Writer’s Block, Time Management, and Other Unicorns
Hi, my name is PolyWogg and I’m an ‘writing RSS/newsletter’ addict.
There, I’ve admitted it. My first step in, umm, a 12-step program for sharing? Oh wait, I’m not planning to change. Particularly when I get golden nuggets of information like I did earlier this week.
One of the feeds I read is C.J. Lyon’s site called “No Rules, Just Write”. I don’t always agree with everything she writes, or find it completely applicable to me, but it is always interesting. This week’s freebie was a link to an ebook called “20 Creative Blocks And How To Break Through Them” (link expired) by Mark McGuinness and Marelisa FΓ‘brega.

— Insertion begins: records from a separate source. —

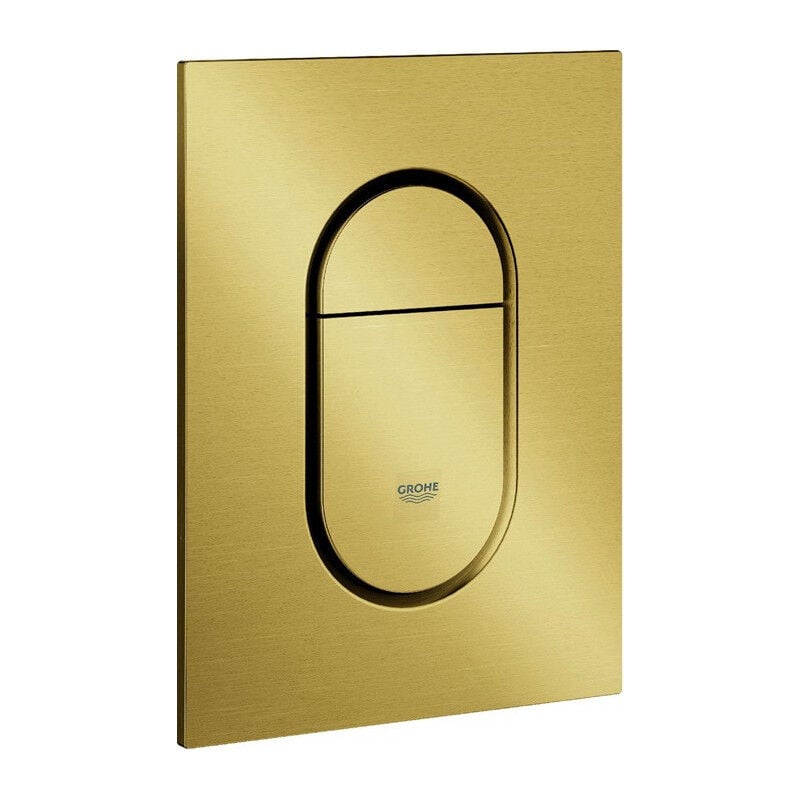 Plaque actionnement des toilettes Grohe Arena Cosmopolitan s 37624 2-M./Start&Stopp or brillant geb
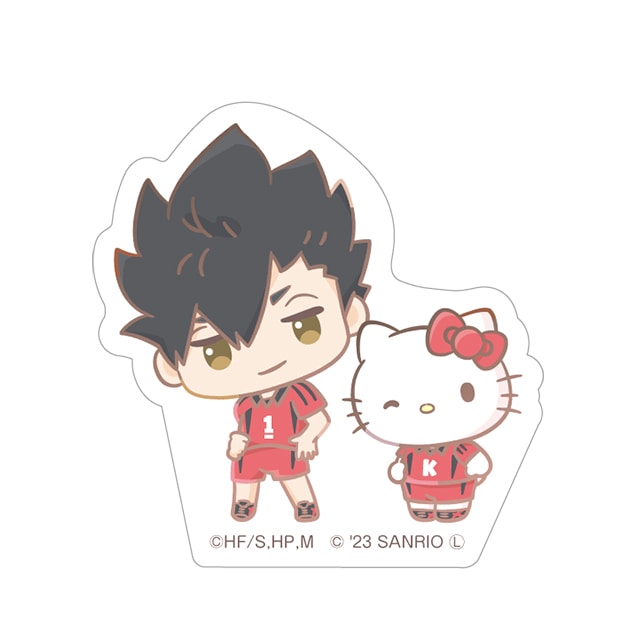 ハイキュー!!×サンリオキャラクターズ ステッカー 黒尾鉄朗／ハローキティ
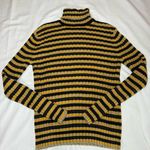 Vintage Polo Jeans Co Women’s Size XL Ribbed Knit Turtleneck Striped Y2K Sweater Black Photo 0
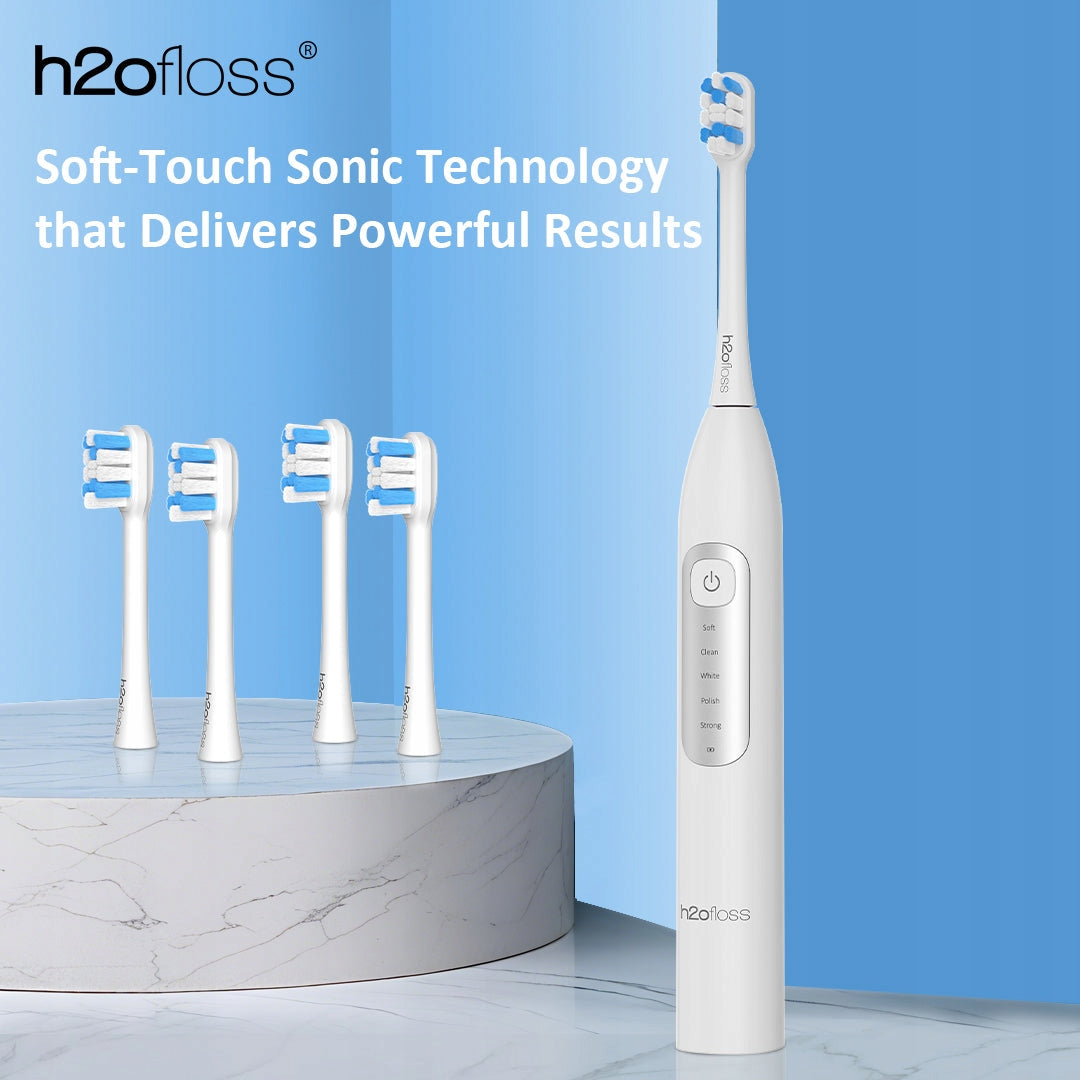 Sonic toothbrush h2ofloss BT-02 White – timer, battery 90 days Manufacturer code cn1106712206ymeae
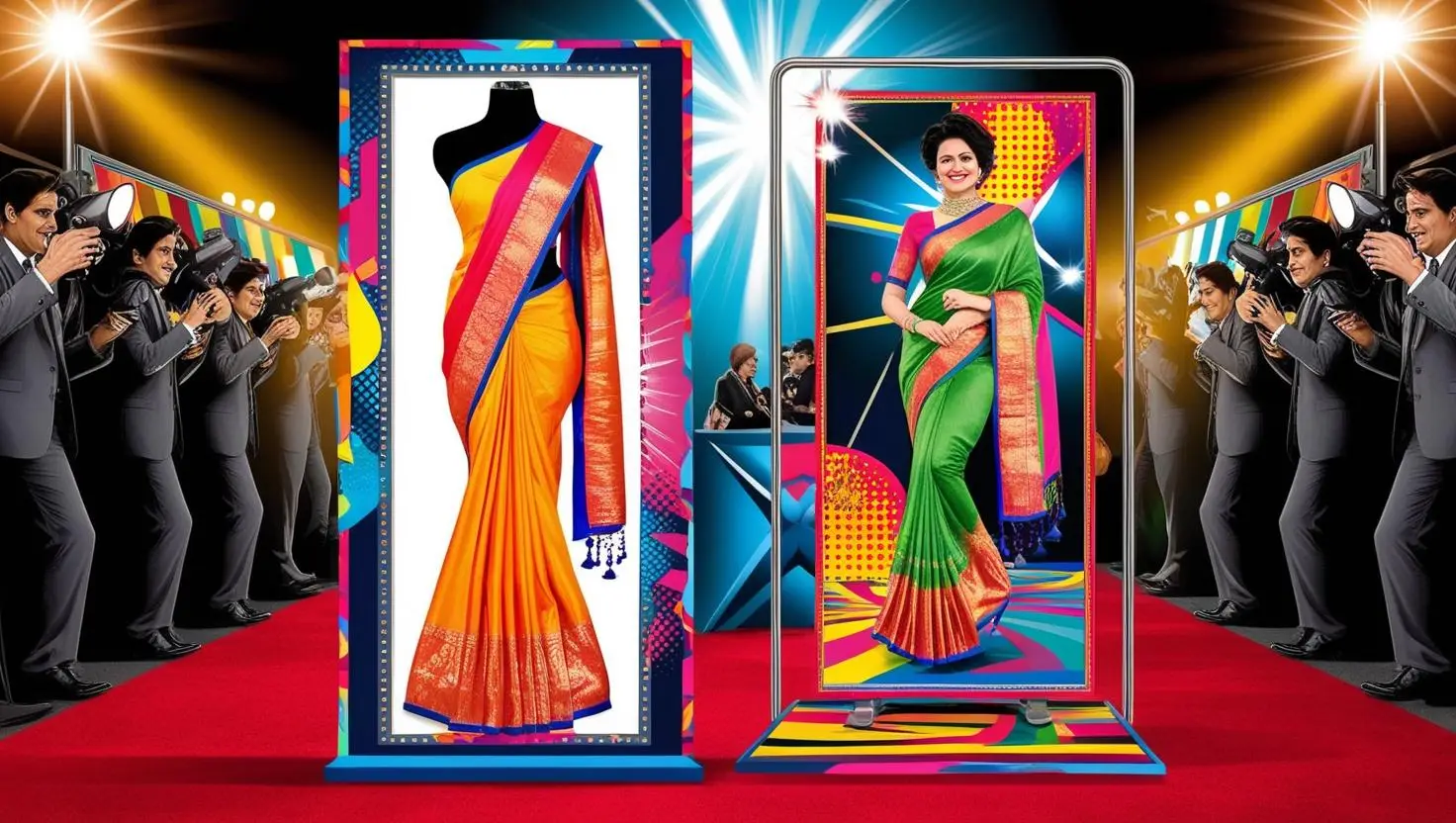 modern saree fusion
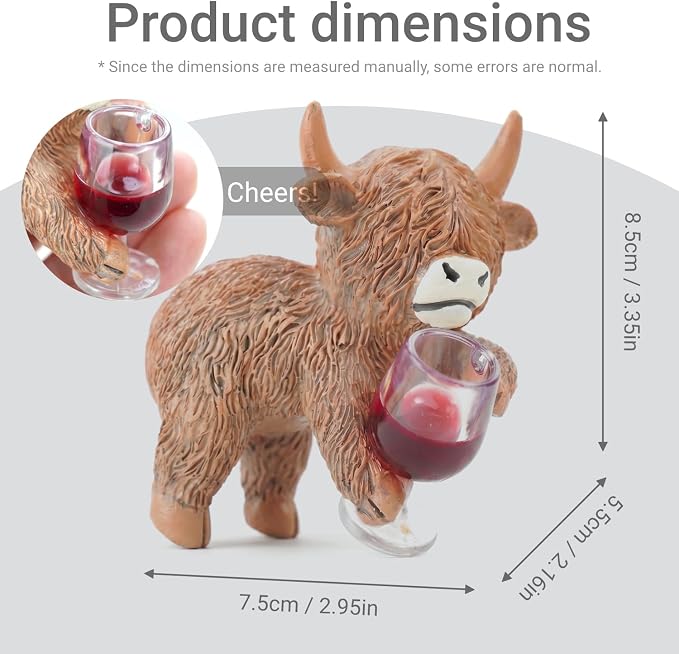 Highland Cow Statue Plant Pot Hugger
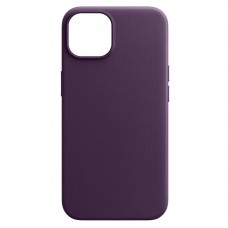 Чехол накладка PU Armorstandart FLAKE Leather для Apple iPhone 14 Dark Cherry (ARM64392)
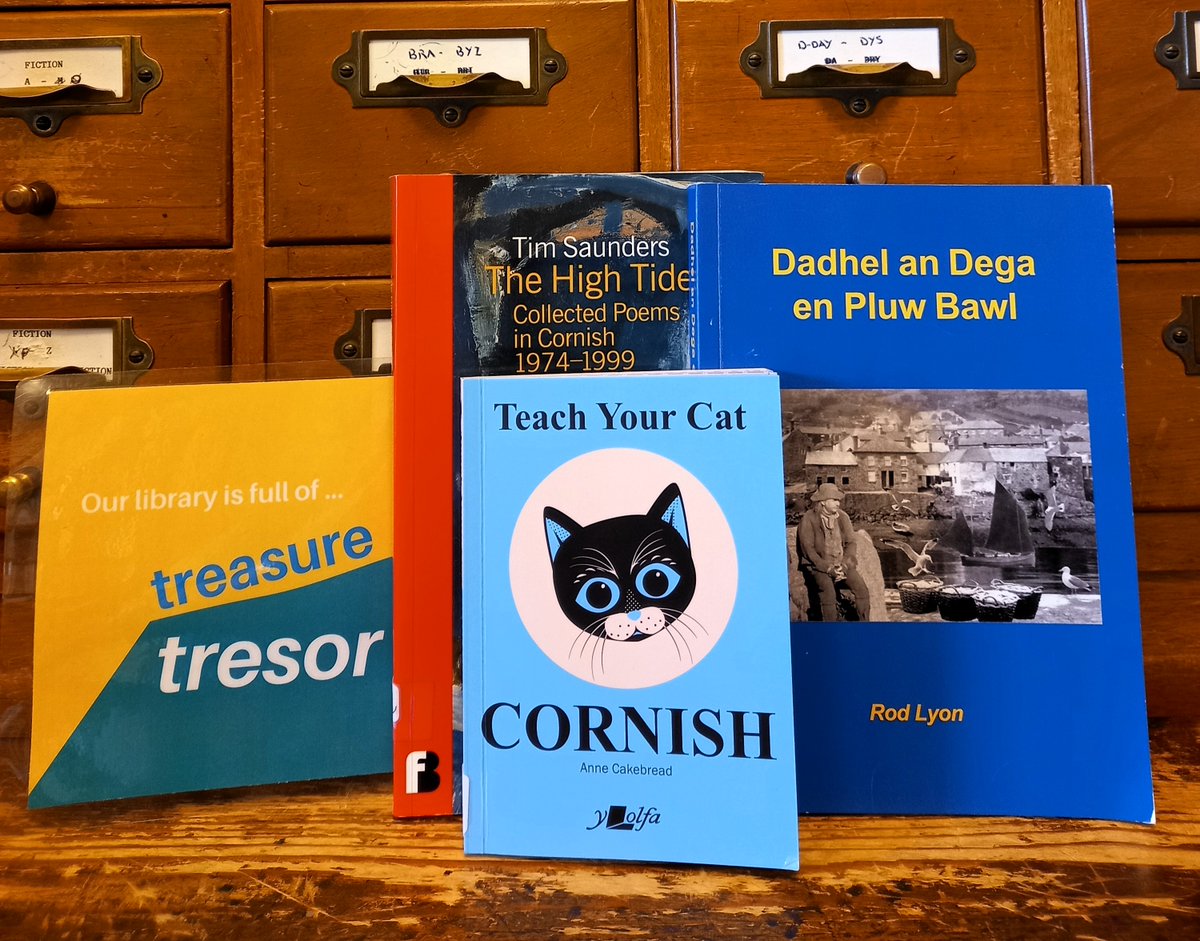 morrablibrary's tweet image. Dydh da. 22 – 30 June is Speak Cornish Week, the annual celebration of the Cornish language. Hidden amongst our collections is a small selection of Cornish fiction and non-fiction, as well as many guides to learning the language. Meur Ras!

#SpeakCornishWeek #CornishLanguage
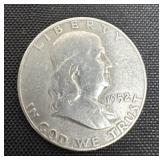 1952 Benjamin half dollar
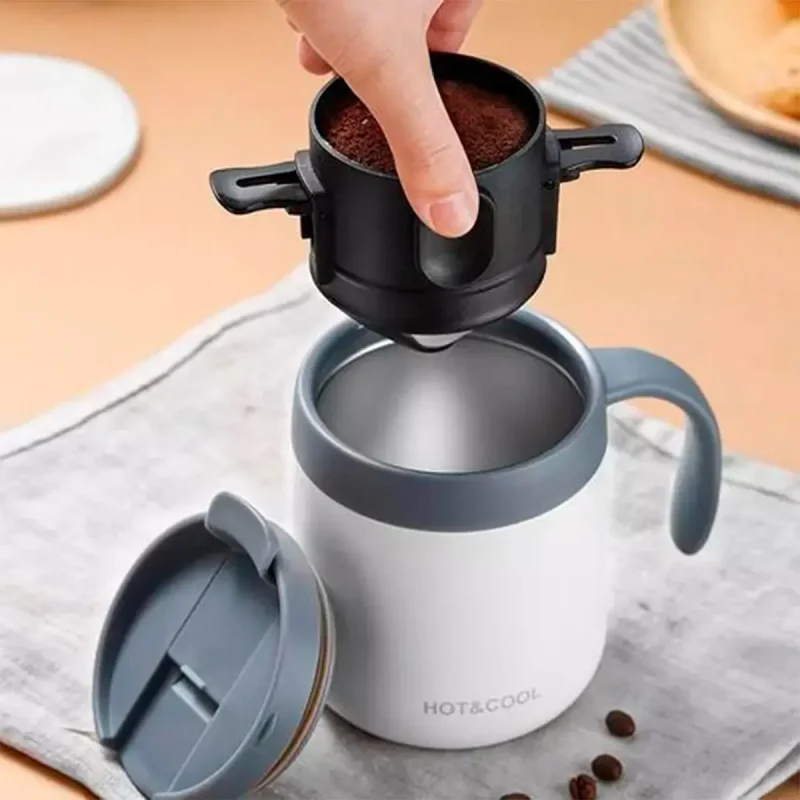 Coador De Cafe De Inox Individual Portatil Reutilizavel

It’s interesting to wander around the web looking at various writer’s sites and see what they have to say about writer’s block. There are decidedly three camps — first there’s the group that says there’s no such thing as writer’s block. I call this the Nike group — they say you should just sit your butt down and write. It may not be fantastic writing, but you’ll write. Something. Dean Wesley Smith is definitely of this variety — arguing that professional writers write, only amateurs get something called writer’s block. By contrast, there are the members of the Passion group at the other end of the spectrum — the group that argues that if you are blocked, it’s because you are not really following your passion. For this crew, you get lots of little maxims like “do what you love”, “don’t worry about the quality”, “just let go and let it flow”, etc.
Mark and Marelisa are in the middle ground. They argue that creative blocks (i.e. writer’s block for writers) really have 20 different varieties, describe what they look like, estimate what causes them, and provide tips on how to overcome them.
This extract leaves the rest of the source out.